Any ideas to fix or avoid that? thanks a lot!

oleh
  • 820
  • 2
  • 13
  • 28
  • I wonder why you'd want to replace the blanks. You want to explain that? – Wivani Sep 19 '11 at 10:10
  • As I understand he wants a non-breaking blank (what exactly 0xA0 is) instead of an ordinary one – Andrei LED Sep 19 '11 at 10:14
  • the xml that i create is a xsl-fo-xml where i need the blanks for the block-elements. so blanks are necessary for me, because apache-fop seems to ignore leading-blanks. i got the advice elsewhere to replace blanks with this entity. andrei is right. – oleh Sep 19 '11 at 10:15

4 Answers4

7

Use output escaping as follows:

Node disableEscaping = document.createProcessingInstruction(StreamResult.PI_DISABLE_OUTPUT_ESCAPING, "&");
 Element element = document.createElement("element");
 element.setTextContent("&#160;");
 document.appendChild(disableEscaping );
 document.appendChild(element);
Node enableEscaping = document.createProcessingInstruction(StreamResult.PI_ENABLE_OUTPUT_ESCAPING, "&");
document.appendChild(enableEscaping )
Dave Jarvis
  • 30,436
  • 41
  • 178
  • 315
Łukasz Woźniczka
  • 1,625
  • 3
  • 28
  • 51
5

Set the text content directly to the character you want, and the serializer will escape it for you if necessary:

element.setTextContent("\u00A0");
forty-two
  • 12,204
  • 2
  • 26
  • 36
  • This way there's no escaping since 0xA0 isn't a special character for xml.
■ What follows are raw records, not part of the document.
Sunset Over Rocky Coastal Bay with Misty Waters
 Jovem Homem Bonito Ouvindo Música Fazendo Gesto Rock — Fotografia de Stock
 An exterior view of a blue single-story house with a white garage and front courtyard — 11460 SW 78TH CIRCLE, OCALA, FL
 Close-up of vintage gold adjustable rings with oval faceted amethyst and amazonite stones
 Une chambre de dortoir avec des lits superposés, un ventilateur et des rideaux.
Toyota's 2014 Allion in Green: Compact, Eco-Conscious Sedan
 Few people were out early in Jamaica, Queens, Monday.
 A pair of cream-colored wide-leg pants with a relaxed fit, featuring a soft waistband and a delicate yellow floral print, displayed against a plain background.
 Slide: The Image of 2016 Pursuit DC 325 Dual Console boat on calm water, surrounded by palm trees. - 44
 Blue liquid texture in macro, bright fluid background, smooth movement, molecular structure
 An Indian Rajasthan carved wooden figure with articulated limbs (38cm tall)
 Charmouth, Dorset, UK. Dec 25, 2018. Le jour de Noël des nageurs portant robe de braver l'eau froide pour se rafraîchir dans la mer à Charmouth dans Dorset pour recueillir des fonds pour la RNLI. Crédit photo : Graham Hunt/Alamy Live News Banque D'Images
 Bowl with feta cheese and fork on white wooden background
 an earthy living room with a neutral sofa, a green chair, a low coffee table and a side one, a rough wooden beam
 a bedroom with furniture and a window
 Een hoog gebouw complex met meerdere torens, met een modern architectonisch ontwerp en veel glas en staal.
So it may not be what oleh wants. – Andrei LED Sep 19 '11 at 10:12
  • well i have accepted the answer because it worked for me. although you are right, that it was not the answer i truly looked for. – oleh Sep 19 '11 at 10:25
  • @oleh this is what you needed. If you really, realy, really want the non breaking space esacped, then set the encoding to `US-ASCII`, or write your own serializer. – forty-two Sep 19 '11 at 10:40
1

Try to use

element.appendChild (document.createCDATASection ("&#160;"));

instead of

element.setTextContent(...);

You'll get this in your xml: It may work if I understand correctly what you're trying to do.

Andrei LED
  • 2,560
  • 17
  • 21
  • I tried your advice, it do not work for me. the generated character-data `<![CDATA[ ]]>` made me some troubles in my further code, i will look if I can handle this later. – oleh Sep 19 '11 at 10:38
  • After some tries, the result of this way is the same as simple Text-Node. The Text ` ` is being handled as separated characters instead of one entity. so the further processing lead to `$amp;#160;`. – oleh Sep 20 '11 at 07:16
0

As addon to forty-two's answer:

If, like me, you're trying the code in a non-patched Eclipse IDE, you're likely to see some weird A's appearing instead of the non-breaking space. This is because of the encoding of the console in Eclipse not matching Unicode (UTF-8).

Adding -Dfile.encoding=UTF-8 to your eclipse.ini should solve this.

Cheers, Wim

Wivani
  • 2,036
  • 22
  • 28